Alfred Meißner in Bregenz.
§62
„Wir Landmädchen", erwiderte Toni, „sind nicht wie die vornehmen Fräulein, die immer eine Gouvernante zur Seite habe» müssen".
„Jedenfalls steigst Du jetzt bei mir ein", sagte ich. „Ich bringe Dich mit dem Pferde da schon um Elf zur Base, bei der Du sonst erst um sechs Uhr Abends wärst".
„Dann könnte ich wohl gar noch heute an's Ziel kommen?"
„Allerdings".
„Gut", sagte sie und setzte vertrauensvoll den Fuß auf den Tritt. Es ist eigentlich gut, daß ich Dich so unerwartet treffe. Ich habe . . .", setzte sie mit einem Seufzer hinzu, „Dir noch so Vieles zu sagen — und — wir sprechen uns ja heut das letzte Mal!"
„Toni, wo denkst Du hin!"
„Ja doch, das letzte Mal. Denke doch, ich habe Dich nie mehr sehen sollen. Die Mutter —"

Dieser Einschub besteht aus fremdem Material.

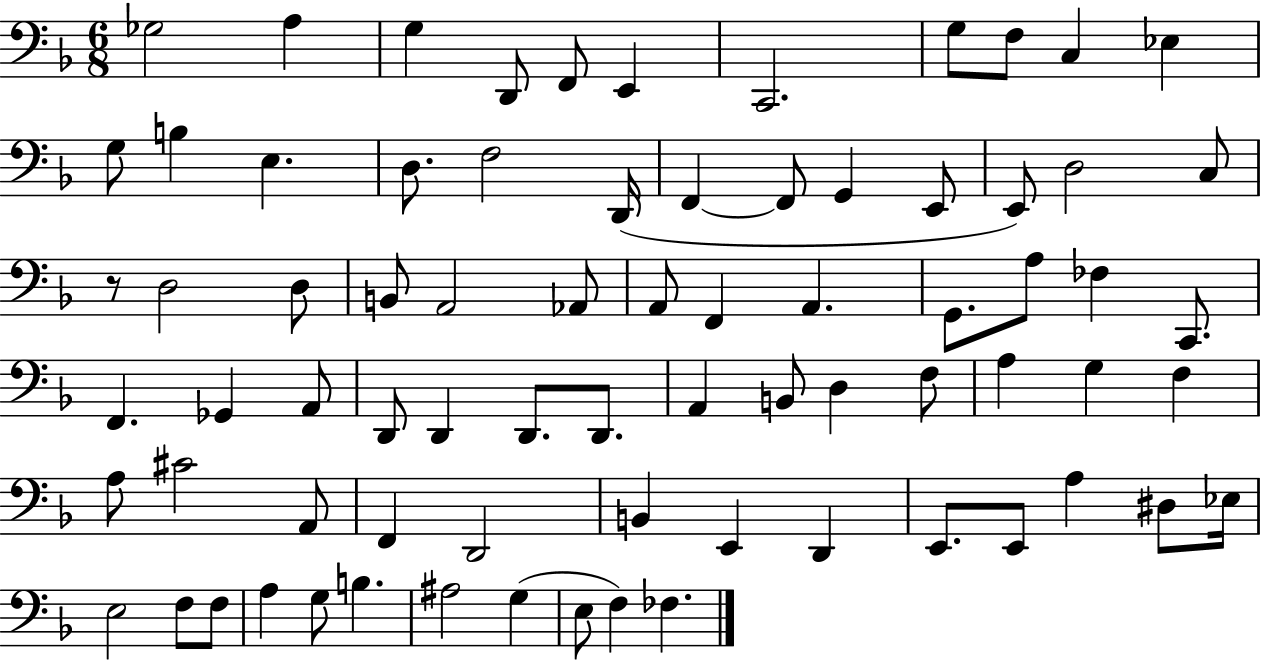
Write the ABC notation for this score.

„Ja, die meint es so bös mit mir".
„Du darfst ihr nicht grollen", sagte das Mädchen. „Sie ist so unglücklich. Sie grübelt fortwährend. Denke Dich in sie hinein. Sie sieht in Dir noch immer den, durch den der Vater so unglücklich wurde — abergläubisch ist sie auch — doch ich sage: denk' Dich nur in sie hinein".
„Toni", rief ich, „wie soll ich für das dulden, was ich als Kind verschuldet?"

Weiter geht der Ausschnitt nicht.